Sekuat tenaga berusaha istiqamah dalam amalan ibadah mereka. Lengah sedikit,
akan memberikan indikasi amal ibadah mereka selama Ramadan telah sia-sia.
Karena di antara ciri dari diterimanya amal ibadah seseorang dalam bulan
Ramadan adalah; keringanannya dalam mengerjakan kebaikan dan ibadah, serta
jauhnya mereka dari melakukan kemaksiatan kepada Allah Swt.
Enam bulan
pasca Ramadan mereka masih bersedih memikirkan kepergian Ramadan. Mereka
memohon dengan sungguh-sungguh agar amalan ibadah selama sebulan penuh itu
diterima oleh Allah Swt. Sedangkan di paruh tahun sisanya, mereka kembali
bergembira, bersiap diri menyambut kehadiran Ramadan, sang tamu agung yang
selalu mereka rindu.
Begitulah
siklus hidup para orang shalih terdahulu, renggang waktu dari Ramadan ke
Ramadan berikutnya diisi dengan taqarrub ilallâh. Seakan menutup semua
celah untuk futur dalam beribadah. Rindu mereka adalah rindu keimanan,
pun dengan kesedihan mereka, kesedihan karena iman. Sehingga hari-hari berjalan
penuh kekhusyukan, hati mereka tenang, diisi dengan mengingat Allah dalam
kondisi apa pun. Karena Allah telah memberikan jaminan, “Ingatlah, hanya dengan
mengingat Allah-lah hati menjadi tenteram.” (QS. Ar Ra’du:28).
Mereka
memiliki kepribadian yang layak untuk diteladani. Lalu bagaimana dengan kita,
sudahkah ibadah kita melebihi mereka sehingga lebih merasa hebat dan yakin
kalau amalan Ramadan kita diterima? Ittaqullâh yâ ahibbâ’i, ibadah kita
pastilah masih jauh dari kesungguhan para sahabat itu. Sehingga
rasa khauf dan raja’ yang kita miliki seharusnya lebih besar
ketimbang mereka.
Walhasil,
shalih pasca Ramadan bukanlah hal fiktif. Kita baru saja meninggalkan terminal ruhy,
kita sudah men-charger diri kembali. Battery full yang
kita miliki, ditargetkan bertahan untuk sebelas bulan berikutnya.
Ramadan
memang sudah pergi, karena datang dan pergi sudah merupakan bagian dari
sunnatullah dalam kehidupan ini. Memang dalam sebelas bulan ke depan, tak ada
puasa wajib seperti di bulan Ramadan lagi tapi Masih ada puasa lainnya, seperti
puasa sunnah Senin dan Kamis, puasa ‘Arafah, ‘Asyura, puasa Daud, dsb. Qiyamul
lail juga masih tetap bisa kita lakukan. Shalat sunnah ini menempati posisi
kedua setelah shalat fardhu sebagaimana yang disabdakan oleh Rasulullah Saw.,
“Shalat yang paling utama sesudah shalat wajib adalah qiyamul lail.” (Muttafaqun
‘alaih). Beliau juga menyebutnya sebagai da’bu shâlihin, atau tradisi
dari orang-orang shalih.
Amal ibadah
yang menjadi rutinitas kita selama sebulan Ramadan diharapkan memang sudah
menjadi sebuah kebiasaan. Sehingga ketika Ramadan telah berakhir, kita tak
mengalami kesulitan untuk memulainya kembali. Mumpung masih hangat aura Ramadan
kita, mari bersama-sama kita hidupkan kembali rutinitas baik kita itu.

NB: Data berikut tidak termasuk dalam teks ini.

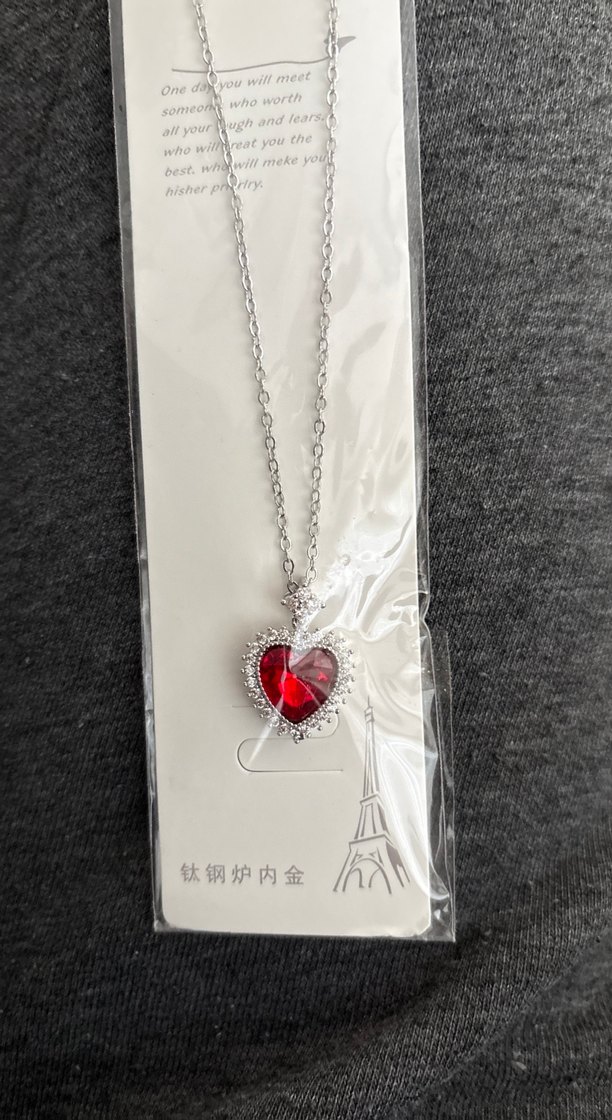 Kırmızı Kalp Detaylı taşlı çelik Kolye - Görsel 2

Menjadikan amalan-amalannya sebagai sebuah kebiasaan, sekali pun sedikit, yang
penting kita memiliki amalan andalan dan rutin menjalankannya. Karena barang
siapa yang memiliki amalan rutin yang baik, selamanya ia tak akan mengalami
kerugian, sekalipun ia terkena uzur, pahala tetap mengalir untuknya.
Dalam sebuah
hadits yang diriwayatkan oleh Imam Bukhari dituliskan, bahwa Rasulullah Saw.

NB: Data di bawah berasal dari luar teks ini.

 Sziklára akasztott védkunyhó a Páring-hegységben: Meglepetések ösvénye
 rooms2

telah bersabda, “Apabila seseorang menderita sakit atau sedang bepergian maka
dicatat pahala untuknya amal yang biasa ia kerjakan di saat ia sehat dan tidak
bepergian.” (HR. Bukhari).
Semoga kita
tidak menjadi manusia Ramadan, yang optimal ibadahnya selama sebulan saja, dan free
di sebelas bulan berikutnya. Tapi kita menjadi manusia rabbâniy,
yang selalu mengingat Allah kapan dan dalam bagaimana pun kondisi kita, seperti
karakter ulul albâb yang termaktub dalam Al Quran, “(yaitu) orang-orang
yang mengingat Allah sambil berdiri atau duduk atau dalam keadaan berbaring.”
(QS. Al Imran: 191). Wallâhu al Musta’ân.